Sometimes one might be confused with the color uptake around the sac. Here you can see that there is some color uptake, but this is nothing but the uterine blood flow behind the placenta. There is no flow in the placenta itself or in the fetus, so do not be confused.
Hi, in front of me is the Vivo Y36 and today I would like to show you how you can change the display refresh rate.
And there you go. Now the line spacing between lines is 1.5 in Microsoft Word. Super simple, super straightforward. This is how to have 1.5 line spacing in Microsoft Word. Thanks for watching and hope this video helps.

····················

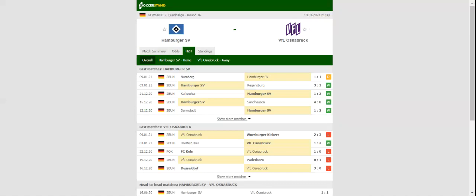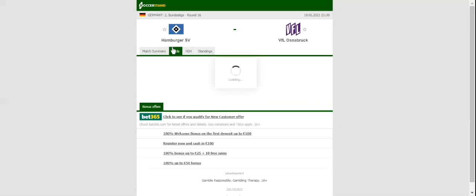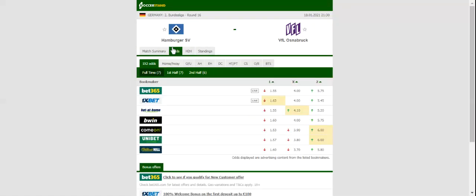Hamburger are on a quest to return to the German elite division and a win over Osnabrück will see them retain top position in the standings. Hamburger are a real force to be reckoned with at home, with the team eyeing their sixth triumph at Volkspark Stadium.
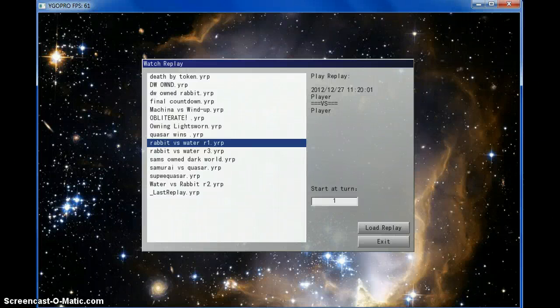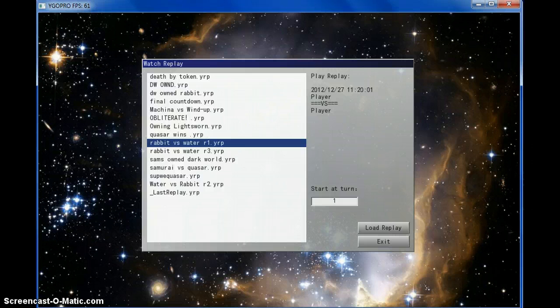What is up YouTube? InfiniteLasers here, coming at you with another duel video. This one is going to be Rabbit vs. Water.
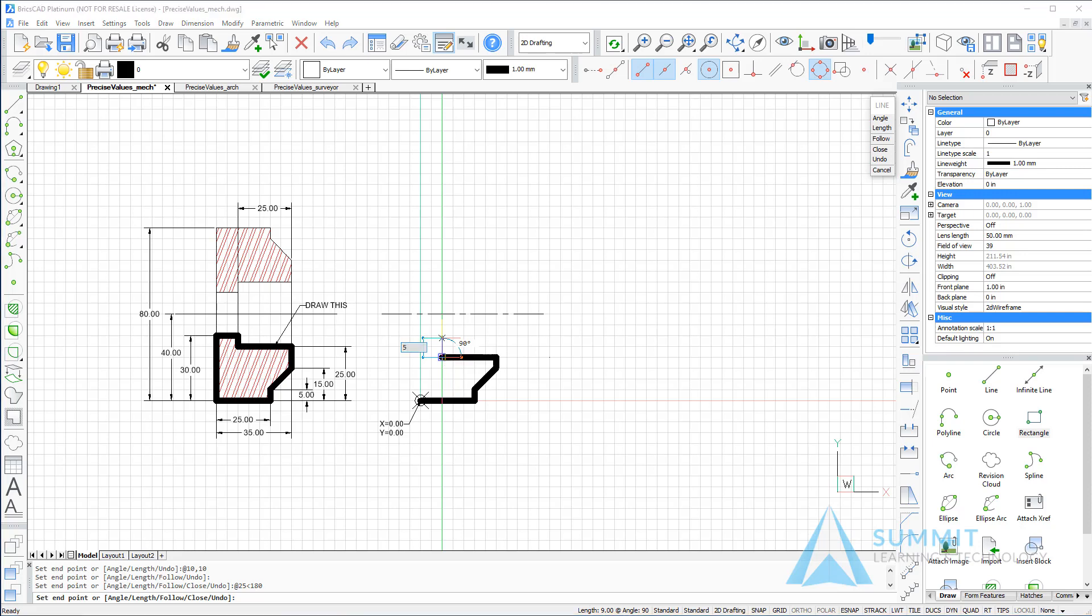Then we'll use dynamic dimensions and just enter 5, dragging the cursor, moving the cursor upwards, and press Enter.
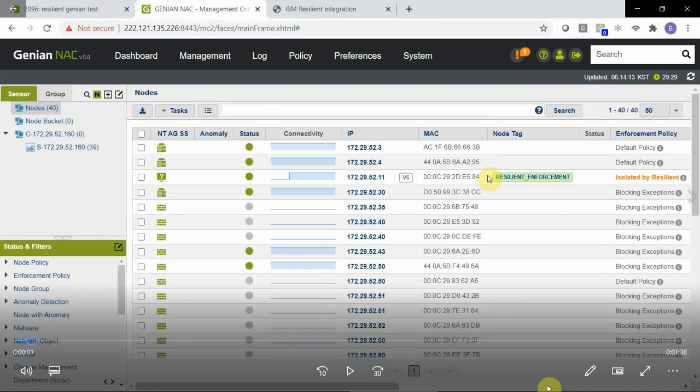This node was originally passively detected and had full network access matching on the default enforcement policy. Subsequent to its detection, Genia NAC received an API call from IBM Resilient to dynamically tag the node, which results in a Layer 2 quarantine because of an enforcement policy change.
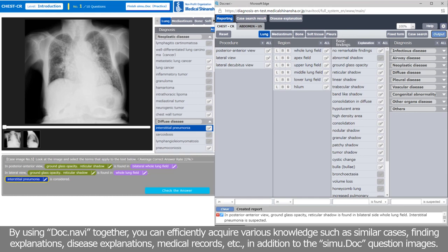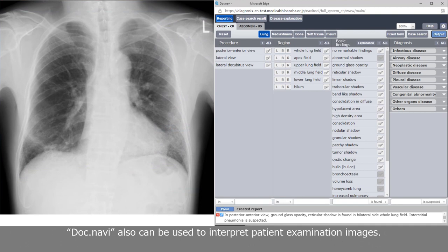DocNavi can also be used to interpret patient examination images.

····················

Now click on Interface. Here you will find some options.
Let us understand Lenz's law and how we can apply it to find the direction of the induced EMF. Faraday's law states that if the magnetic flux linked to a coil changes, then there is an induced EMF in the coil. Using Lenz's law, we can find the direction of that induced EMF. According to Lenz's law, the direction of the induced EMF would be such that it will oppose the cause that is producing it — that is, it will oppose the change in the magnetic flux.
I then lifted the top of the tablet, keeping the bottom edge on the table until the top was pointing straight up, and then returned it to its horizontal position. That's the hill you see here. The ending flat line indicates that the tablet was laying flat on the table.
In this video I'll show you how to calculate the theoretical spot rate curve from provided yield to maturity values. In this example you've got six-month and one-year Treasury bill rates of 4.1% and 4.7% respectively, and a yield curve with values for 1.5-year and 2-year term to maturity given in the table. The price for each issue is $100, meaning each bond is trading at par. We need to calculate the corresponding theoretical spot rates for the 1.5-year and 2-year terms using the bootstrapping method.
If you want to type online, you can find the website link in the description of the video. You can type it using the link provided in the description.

····················

Throughout the material above, find every line holding "provided" and copy it.

In this video I'll show you how to calculate the theoretical spot rate curve from provided yield to maturity values. In this example you've got six-month and one-year Treasury bill rates of 4.1% and 4.7% respectively, and a yield curve with values for 1.5-year and 2-year term to maturity given in the table. The price for each issue is $100, meaning each bond is trading at par. We need to calculate the corresponding theoretical spot rates for the 1.5-year and 2-year terms using the bootstrapping method.
If you want to type online, you can find the website link in the description of the video. You can type it using the link provided in the description.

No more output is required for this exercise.